Announcing
PhD in Second Language Studies Dissertation Defense
Wei-Li Hsu
Constructs of L2 Chinese Reading
and the Influence of Language Background
Chair: Thom Hudson
12 October 2016, 9:00–10:30 a.m.
Moore Hall, Room 155A
Extensive research has been conducted on the relationships of Chinese-character recognition to reading development; strategic competence to reading comprehension; and home linguistic exposure to heritage language acquisition. However, studies of these relationships have been marked by widely divergent theoretical underpinnings, and their results are not directly comparable. The current study adopts a cognitive and component perspective on reading, and uses structural equation modeling (SEM) to examine character-recognition skills, reading-comprehension skills, strategy use, and language background. Among these four factors, character-recognition skills are held to represent lower-level reading processing; reading comprehension and strategy-use represent higher-level processing; and language background is operationalized as a source of background knowledge.
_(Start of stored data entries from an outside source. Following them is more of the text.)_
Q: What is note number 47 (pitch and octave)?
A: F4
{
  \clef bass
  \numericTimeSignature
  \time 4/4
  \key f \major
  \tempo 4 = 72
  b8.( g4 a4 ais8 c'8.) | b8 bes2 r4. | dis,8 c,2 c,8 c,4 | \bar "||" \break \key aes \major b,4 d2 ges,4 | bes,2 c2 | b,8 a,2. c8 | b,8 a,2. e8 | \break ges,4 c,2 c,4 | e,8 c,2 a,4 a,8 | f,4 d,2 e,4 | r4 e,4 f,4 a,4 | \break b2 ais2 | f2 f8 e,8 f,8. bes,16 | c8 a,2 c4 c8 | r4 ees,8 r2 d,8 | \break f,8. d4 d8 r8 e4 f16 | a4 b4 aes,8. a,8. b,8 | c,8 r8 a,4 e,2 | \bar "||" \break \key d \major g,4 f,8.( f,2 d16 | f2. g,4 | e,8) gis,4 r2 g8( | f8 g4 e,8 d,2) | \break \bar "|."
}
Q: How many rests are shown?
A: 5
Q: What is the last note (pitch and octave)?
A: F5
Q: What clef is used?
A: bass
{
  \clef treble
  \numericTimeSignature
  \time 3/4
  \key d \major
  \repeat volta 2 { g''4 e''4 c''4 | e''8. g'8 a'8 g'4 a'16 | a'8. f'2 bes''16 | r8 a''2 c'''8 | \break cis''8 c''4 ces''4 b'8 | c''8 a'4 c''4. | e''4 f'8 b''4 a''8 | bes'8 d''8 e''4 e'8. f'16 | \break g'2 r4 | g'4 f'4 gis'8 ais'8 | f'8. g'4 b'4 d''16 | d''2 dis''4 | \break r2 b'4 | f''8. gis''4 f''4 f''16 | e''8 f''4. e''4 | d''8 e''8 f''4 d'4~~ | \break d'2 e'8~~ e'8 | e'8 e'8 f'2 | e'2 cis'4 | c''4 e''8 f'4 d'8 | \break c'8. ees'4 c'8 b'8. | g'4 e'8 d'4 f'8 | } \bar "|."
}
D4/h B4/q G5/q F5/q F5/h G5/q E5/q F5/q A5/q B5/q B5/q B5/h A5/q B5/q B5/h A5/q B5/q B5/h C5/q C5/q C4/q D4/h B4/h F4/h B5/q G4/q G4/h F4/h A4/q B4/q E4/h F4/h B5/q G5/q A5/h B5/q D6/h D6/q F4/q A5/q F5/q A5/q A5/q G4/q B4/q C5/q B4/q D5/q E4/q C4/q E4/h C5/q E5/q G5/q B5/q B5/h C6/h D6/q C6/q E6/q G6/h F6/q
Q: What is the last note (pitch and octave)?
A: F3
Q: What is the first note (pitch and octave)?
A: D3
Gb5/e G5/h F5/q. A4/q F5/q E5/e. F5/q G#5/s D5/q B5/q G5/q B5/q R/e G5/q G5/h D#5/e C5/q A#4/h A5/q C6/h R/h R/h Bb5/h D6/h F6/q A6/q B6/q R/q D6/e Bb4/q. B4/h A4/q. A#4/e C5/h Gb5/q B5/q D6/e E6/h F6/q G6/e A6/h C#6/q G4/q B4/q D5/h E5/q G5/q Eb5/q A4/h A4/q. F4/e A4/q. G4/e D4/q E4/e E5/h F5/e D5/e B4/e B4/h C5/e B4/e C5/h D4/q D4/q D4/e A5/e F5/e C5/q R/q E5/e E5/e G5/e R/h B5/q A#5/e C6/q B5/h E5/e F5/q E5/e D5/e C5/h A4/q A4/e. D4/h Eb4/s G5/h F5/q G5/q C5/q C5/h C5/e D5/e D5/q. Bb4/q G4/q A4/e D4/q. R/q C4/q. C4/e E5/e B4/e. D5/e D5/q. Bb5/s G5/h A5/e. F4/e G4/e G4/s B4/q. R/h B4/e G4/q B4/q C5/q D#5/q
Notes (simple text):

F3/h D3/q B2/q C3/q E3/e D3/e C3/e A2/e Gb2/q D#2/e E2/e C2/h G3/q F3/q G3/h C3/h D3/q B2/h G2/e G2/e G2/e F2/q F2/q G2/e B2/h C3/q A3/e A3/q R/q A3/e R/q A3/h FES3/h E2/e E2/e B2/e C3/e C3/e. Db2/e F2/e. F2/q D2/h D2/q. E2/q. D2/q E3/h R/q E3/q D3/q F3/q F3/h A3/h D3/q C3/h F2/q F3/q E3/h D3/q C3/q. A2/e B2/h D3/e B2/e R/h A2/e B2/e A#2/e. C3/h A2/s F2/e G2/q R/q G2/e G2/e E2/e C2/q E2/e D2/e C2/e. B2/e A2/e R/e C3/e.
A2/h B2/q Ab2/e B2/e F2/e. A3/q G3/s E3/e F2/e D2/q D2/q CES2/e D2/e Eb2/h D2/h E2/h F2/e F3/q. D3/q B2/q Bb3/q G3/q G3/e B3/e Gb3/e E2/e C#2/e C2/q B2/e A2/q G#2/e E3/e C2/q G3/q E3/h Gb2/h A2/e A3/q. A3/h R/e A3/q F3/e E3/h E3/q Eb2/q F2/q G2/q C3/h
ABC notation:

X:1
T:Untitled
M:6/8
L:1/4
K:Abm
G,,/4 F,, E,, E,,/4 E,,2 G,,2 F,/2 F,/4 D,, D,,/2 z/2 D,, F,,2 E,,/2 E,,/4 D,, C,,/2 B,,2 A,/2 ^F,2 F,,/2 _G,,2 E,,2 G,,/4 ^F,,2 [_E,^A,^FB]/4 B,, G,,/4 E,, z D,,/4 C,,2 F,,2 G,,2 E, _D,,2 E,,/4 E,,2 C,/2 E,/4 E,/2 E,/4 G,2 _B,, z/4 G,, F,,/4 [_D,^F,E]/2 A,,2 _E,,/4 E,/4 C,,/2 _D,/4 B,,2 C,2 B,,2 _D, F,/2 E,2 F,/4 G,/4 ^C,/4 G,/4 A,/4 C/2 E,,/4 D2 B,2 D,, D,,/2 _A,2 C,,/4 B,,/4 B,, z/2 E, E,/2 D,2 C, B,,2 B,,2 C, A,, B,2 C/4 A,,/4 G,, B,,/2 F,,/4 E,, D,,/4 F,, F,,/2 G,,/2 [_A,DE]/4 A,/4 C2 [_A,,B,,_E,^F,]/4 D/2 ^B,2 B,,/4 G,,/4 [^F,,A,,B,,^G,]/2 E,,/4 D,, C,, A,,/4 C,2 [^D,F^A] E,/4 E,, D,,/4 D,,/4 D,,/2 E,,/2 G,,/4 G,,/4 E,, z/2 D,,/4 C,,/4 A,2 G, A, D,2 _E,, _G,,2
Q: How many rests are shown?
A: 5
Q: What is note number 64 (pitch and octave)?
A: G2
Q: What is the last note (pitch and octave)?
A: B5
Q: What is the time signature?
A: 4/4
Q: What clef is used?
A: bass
The present study’s 85 participants were divided into four groups representing four language backgrounds: Singaporean Chinese foreign language learners (Singaporean CFLLs) (n = 14), other Chinese foreign language learners (Other CFLLs) (n = 19), Mandarin-speaking heritage language learners (Man-HLLs) (n = 38), and Cantonese-speaking heritage language learners (Can-HLLs) (n = 14). A package of eight instruments was administered via an online platform, and included a language-background survey, a multiple-choice grammar subtest, a fill-in-the-blank cloze subtest, a multiple-choice passage-comprehension subtest, a strategy-use survey, an ortho-phonological subtest, an ortho-semantic subtest, and a morpheme-discrimination subtest. The language-background survey was designed to gain a clear understanding of the participants’ language backgrounds; the grammar, cloze, and passage-comprehension subtests, to investigate their reading-comprehension ability; the strategy-use survey, to capture the participants’ perceived use of six strategy types; and the ortho-phonological, ortho-semantic, and morpheme subtests, to examine their character-recognition ability.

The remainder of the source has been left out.